__Work item__: As the answer, return precisely the lines from the one containing "Bocoran RTP Wild" to the final line of the material below, inclusive, and omit every picture.

__Data shown__:
* * * * * * * * *

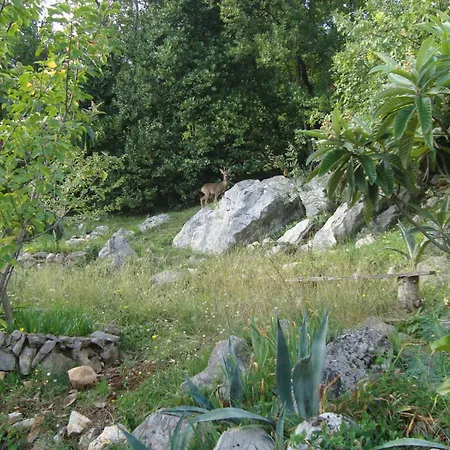 Apartman In With Sea View, Terrace, Wi-fi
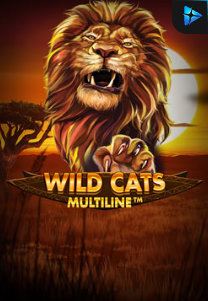 Bocoran RTP Wild Cat Multiline di SENSA838 - GENERATOR SLOT RTP RESMI SERVER PUSAT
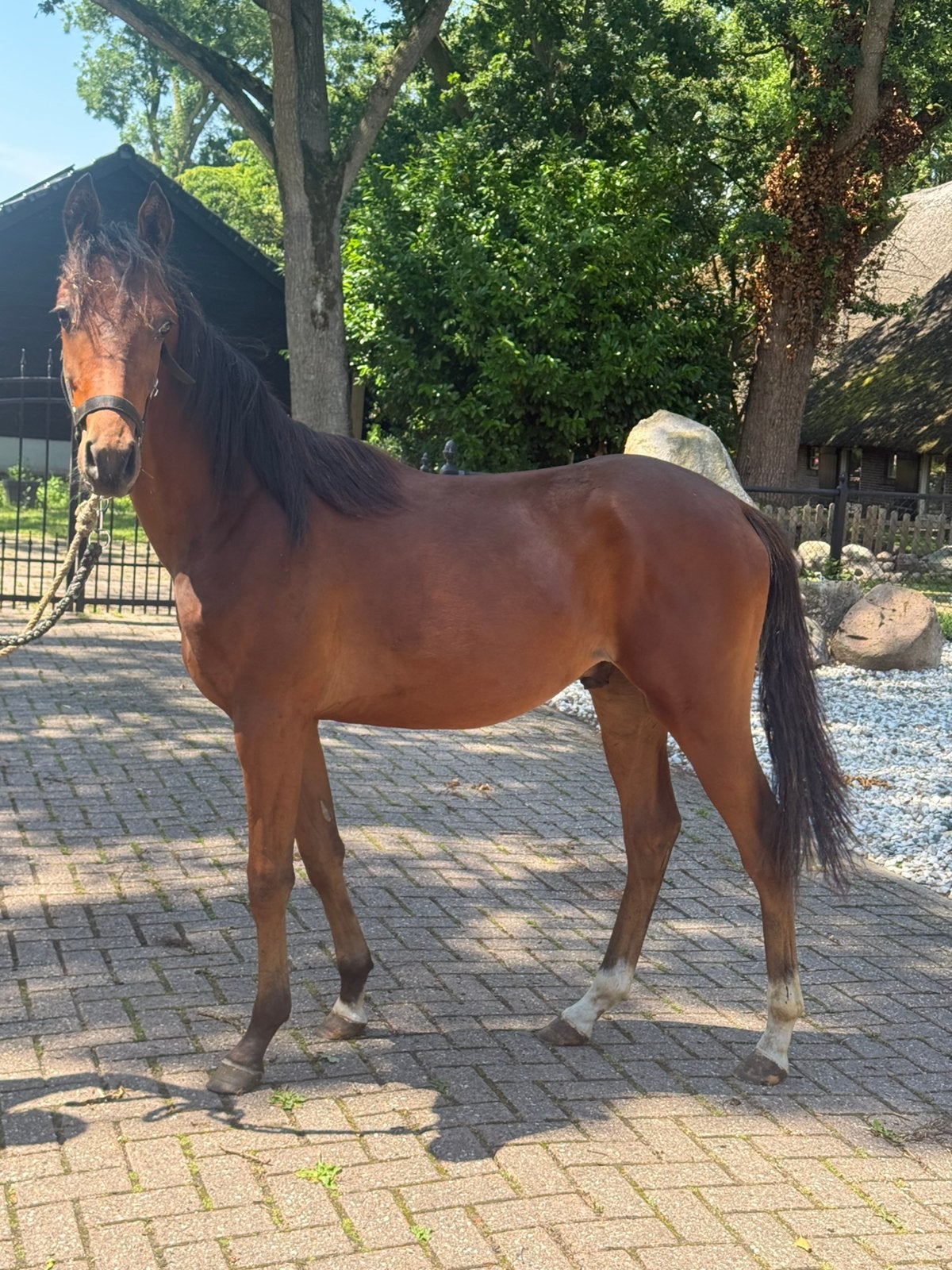 Welsh jaarling met papier!, Dieren en Toebehoren, Pony's, Hengst, 0 tot 2 jaar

* * * * * * * * *

__Response box__:
 Bocoran RTP Wild Cat Multiline di SENSA838 - GENERATOR SLOT RTP RESMI SERVER PUSAT
 Welsh jaarling met papier!, Dieren en Toebehoren, Pony's, Hengst, 0 tot 2 jaar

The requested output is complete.